- Exercise data -
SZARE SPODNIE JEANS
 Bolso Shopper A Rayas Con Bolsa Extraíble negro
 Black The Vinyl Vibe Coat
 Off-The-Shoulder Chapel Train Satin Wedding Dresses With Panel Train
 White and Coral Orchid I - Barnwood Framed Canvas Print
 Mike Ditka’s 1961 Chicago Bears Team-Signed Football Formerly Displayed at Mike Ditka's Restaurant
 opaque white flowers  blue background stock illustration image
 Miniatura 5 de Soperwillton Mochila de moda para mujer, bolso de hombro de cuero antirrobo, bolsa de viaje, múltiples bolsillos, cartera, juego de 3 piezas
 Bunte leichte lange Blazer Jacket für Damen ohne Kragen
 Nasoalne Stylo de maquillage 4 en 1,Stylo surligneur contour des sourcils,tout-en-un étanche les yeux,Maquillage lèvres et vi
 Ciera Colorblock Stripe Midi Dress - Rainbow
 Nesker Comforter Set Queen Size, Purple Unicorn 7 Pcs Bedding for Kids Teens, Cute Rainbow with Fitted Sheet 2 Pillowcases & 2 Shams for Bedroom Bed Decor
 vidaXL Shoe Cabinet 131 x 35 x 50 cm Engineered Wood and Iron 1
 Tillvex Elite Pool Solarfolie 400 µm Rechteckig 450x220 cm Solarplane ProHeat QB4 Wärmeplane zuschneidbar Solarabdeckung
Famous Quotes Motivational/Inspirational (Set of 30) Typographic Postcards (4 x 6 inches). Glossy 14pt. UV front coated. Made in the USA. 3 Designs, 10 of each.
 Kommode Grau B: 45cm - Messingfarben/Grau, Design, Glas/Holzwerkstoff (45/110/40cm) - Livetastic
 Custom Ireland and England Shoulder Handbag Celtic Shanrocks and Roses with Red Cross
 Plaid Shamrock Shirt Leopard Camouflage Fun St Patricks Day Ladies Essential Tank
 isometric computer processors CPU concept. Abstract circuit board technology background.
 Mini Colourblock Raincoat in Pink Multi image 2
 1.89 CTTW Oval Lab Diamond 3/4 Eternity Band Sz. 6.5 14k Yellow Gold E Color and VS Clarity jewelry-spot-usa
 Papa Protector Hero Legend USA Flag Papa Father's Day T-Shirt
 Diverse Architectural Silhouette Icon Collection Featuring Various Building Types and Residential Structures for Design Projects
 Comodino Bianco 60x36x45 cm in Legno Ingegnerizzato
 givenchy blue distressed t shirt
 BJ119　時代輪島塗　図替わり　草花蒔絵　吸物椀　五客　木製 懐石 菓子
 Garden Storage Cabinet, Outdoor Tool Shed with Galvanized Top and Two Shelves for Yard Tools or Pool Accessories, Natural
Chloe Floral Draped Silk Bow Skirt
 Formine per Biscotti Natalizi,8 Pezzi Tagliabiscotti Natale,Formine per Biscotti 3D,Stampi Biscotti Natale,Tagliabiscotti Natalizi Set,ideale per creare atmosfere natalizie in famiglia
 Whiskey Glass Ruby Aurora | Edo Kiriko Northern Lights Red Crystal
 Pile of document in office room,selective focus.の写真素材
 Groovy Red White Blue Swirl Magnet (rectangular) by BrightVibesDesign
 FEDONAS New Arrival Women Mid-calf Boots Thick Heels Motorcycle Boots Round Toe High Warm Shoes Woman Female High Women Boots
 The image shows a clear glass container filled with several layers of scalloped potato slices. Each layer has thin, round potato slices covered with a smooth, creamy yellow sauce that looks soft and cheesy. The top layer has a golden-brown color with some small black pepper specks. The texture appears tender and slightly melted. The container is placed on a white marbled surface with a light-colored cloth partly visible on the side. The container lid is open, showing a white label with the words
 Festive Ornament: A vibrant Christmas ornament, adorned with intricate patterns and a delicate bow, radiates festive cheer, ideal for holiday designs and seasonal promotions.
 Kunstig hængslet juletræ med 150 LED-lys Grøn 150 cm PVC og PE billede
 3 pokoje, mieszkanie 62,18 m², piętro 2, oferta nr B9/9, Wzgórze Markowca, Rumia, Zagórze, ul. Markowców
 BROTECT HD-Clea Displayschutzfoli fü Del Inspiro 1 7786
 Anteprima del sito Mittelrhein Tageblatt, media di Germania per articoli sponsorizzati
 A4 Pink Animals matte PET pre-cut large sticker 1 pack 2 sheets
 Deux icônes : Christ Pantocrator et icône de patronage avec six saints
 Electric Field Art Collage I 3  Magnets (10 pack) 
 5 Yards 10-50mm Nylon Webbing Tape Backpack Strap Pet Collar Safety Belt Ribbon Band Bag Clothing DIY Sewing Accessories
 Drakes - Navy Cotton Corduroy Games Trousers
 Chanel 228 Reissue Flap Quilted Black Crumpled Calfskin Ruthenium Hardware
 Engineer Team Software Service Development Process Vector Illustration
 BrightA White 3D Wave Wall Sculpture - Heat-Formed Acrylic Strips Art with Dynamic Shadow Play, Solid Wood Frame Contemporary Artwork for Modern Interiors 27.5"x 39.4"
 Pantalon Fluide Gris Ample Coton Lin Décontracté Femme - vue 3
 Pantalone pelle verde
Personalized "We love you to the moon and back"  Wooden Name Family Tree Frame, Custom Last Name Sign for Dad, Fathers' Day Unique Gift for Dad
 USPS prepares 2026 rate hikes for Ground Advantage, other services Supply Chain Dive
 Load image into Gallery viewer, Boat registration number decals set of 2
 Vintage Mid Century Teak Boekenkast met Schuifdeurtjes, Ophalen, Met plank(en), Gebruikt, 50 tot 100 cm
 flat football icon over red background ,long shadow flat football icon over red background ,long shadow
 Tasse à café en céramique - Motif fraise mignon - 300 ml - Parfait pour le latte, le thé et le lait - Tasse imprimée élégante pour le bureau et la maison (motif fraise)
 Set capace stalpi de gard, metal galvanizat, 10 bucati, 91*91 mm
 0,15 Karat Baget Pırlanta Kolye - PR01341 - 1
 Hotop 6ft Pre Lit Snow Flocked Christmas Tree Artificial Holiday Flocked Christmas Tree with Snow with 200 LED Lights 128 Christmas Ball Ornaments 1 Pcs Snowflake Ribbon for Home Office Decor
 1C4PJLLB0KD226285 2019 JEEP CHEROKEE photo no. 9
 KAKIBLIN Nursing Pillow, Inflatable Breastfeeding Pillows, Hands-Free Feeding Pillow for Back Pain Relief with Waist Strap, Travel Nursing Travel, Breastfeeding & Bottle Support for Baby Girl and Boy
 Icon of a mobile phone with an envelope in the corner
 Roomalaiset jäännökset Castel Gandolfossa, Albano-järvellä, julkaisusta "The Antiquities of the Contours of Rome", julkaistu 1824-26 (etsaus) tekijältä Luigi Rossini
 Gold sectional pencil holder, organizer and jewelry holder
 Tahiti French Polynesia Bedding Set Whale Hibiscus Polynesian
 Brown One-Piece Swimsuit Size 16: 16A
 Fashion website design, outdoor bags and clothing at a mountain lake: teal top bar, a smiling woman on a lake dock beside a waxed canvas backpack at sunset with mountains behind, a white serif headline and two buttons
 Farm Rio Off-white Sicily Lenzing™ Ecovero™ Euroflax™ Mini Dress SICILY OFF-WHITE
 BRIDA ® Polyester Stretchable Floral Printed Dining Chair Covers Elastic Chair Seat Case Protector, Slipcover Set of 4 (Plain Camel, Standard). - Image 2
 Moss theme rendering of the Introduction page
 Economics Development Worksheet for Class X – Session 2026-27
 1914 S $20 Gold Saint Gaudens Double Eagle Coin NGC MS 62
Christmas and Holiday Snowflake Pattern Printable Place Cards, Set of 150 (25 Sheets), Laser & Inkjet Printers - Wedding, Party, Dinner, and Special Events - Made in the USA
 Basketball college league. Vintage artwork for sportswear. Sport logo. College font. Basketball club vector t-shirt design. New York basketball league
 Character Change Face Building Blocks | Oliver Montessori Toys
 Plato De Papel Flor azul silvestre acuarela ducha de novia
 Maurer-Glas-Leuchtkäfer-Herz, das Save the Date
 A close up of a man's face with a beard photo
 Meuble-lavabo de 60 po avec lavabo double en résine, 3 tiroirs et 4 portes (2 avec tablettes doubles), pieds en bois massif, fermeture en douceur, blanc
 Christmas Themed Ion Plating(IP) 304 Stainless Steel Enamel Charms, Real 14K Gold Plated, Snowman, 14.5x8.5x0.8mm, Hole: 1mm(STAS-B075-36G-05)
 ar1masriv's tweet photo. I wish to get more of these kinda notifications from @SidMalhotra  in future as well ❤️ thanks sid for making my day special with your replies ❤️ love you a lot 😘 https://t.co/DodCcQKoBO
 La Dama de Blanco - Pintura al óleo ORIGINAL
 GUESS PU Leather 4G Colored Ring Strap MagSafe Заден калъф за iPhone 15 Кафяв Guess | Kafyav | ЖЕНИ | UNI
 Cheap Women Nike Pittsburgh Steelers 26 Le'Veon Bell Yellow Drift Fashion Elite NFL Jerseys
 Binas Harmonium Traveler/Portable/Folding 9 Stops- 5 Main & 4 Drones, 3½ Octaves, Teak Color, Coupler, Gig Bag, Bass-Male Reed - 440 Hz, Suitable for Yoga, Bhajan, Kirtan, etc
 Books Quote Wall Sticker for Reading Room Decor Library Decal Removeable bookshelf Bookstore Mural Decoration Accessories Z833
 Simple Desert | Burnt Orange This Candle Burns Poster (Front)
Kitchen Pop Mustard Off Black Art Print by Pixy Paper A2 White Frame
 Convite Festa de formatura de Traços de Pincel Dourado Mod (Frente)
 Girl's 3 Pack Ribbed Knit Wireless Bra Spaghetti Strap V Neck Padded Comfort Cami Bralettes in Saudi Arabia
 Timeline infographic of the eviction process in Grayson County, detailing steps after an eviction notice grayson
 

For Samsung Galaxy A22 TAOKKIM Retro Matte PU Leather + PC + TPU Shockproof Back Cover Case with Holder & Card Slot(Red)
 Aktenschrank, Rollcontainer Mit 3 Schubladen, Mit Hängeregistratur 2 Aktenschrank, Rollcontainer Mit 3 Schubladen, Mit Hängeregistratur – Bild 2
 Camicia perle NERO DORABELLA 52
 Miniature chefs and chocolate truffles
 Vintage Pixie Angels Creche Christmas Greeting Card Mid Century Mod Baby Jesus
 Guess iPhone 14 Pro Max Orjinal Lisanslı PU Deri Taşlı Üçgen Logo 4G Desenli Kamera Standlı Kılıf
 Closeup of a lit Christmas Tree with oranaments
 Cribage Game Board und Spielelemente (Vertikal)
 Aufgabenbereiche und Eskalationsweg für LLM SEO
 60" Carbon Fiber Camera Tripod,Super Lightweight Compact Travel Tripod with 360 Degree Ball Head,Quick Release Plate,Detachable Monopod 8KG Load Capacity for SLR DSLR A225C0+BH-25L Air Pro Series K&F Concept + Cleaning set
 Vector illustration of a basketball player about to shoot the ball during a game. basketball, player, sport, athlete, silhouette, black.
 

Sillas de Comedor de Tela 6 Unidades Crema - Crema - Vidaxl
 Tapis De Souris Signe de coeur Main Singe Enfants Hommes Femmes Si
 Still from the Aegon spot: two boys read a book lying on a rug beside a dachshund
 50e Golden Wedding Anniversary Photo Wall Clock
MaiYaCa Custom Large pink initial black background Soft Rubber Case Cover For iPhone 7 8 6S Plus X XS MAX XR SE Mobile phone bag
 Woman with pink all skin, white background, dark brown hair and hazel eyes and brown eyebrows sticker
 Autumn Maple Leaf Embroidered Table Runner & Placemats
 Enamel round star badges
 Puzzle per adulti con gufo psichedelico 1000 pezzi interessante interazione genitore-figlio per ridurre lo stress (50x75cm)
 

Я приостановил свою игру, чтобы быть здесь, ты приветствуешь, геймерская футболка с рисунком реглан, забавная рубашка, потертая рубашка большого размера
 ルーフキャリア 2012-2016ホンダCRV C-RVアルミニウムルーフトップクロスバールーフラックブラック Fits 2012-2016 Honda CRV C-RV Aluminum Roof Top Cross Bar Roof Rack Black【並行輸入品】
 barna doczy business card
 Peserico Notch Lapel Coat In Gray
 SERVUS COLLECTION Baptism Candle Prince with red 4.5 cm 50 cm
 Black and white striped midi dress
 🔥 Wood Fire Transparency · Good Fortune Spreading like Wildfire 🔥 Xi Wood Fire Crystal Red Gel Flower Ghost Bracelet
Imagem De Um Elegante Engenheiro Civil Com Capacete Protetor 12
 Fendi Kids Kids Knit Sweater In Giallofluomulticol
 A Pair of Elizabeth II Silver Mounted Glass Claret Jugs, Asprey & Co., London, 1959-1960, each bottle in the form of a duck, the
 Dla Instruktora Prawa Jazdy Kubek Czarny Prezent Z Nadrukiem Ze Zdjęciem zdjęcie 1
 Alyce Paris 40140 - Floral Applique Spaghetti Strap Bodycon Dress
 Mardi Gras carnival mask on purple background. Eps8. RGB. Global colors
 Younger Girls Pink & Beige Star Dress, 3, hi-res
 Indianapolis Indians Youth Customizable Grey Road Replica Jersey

- Exercise aim -
Please output the lines of the listing above that fall in the stretch from the one with "vidaXL Shoe Cabinet" through the one with "Mini Colourblock Raincoat", exactly and only those.

- Your response -
 vidaXL Shoe Cabinet 131 x 35 x 50 cm Engineered Wood and Iron 1
 Tillvex Elite Pool Solarfolie 400 µm Rechteckig 450x220 cm Solarplane ProHeat QB4 Wärmeplane zuschneidbar Solarabdeckung
Famous Quotes Motivational/Inspirational (Set of 30) Typographic Postcards (4 x 6 inches). Glossy 14pt. UV front coated. Made in the USA. 3 Designs, 10 of each.
 Kommode Grau B: 45cm - Messingfarben/Grau, Design, Glas/Holzwerkstoff (45/110/40cm) - Livetastic
 Custom Ireland and England Shoulder Handbag Celtic Shanrocks and Roses with Red Cross
 Plaid Shamrock Shirt Leopard Camouflage Fun St Patricks Day Ladies Essential Tank
 isometric computer processors CPU concept. Abstract circuit board technology background.
 Mini Colourblock Raincoat in Pink Multi image 2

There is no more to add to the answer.